Illinois Senate kills Madigan budget

Illinois Senate kills Madigan budget

On May 31, the Illinois Senate rejected House Speaker Mike Madigan’s budget proposal, which was unbalanced by $7 billion.

The Illinois Senate rejected House Speaker Mike Madigan’s unbalanced budget plan May 31, just before the end of the spring legislative session.

Madigan’s plan would’ve spent more than $40 billion despite the state’s expectation of raising $32.6 billion in revenues in 2017, leaving a $7 billion hole.

The incomplete, unbalanced proposal had bipartisan opposition, with many of Madigan’s fellow Democrats in the Senate voting against the measure, which failed 17-31.

The speaker’s proposal ignored months of negotiations and working group meetings intended to reach a compromise between Democrats and the governor. Not only was Madigan’s deal not good enough for Gov. Bruce Rauner, who intended to veto the bill, it wasn’t good enough for the Senate, either.

Most government spending wasn’t even specifically appropriated in Madigan’s proposal. Instead the plan relied on continuing court orders – the same ones that have allowed state government to run for the past year without a budget – to pay ongoing costs. The speaker’s plan directly allocated just $14 billion of the total $40 billion it proposed to spend. The remaining $26 billion, which included items such as pension payments and debt service, would instead operate on autopilot. The plan also failed to include an appropriation to pay state workers.

Now after failed attempts to increase the state income tax, Madigan simply decided to create a proposal that spends $7 billion more than the state takes in, which would force a tax hike.
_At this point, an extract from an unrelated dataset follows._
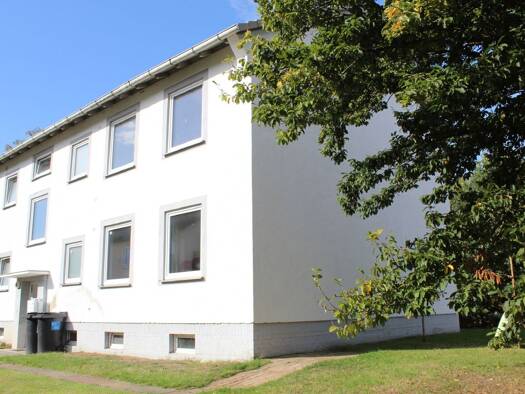 Wohnung zum Kauf 89.000 € 3 Zimmer 62 m² EG Liebenau 31618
Unfortunately, Madigan’s been doing this for years. His latest maneuver is just the continuation of the last 15 years of his leadership. Illinois hasn’t had a balanced budget since 2001. And like the past decade and a half of unbalanced budgets, this proposal contained no financial reforms and no changes in spending priorities – just another deficit.

Any plan that doesn’t account for all spending and can’t pay for itself is simply too incomplete to be taken seriously.

It shouldn’t be any surprise that the Senate rejected Madigan’s spending plan.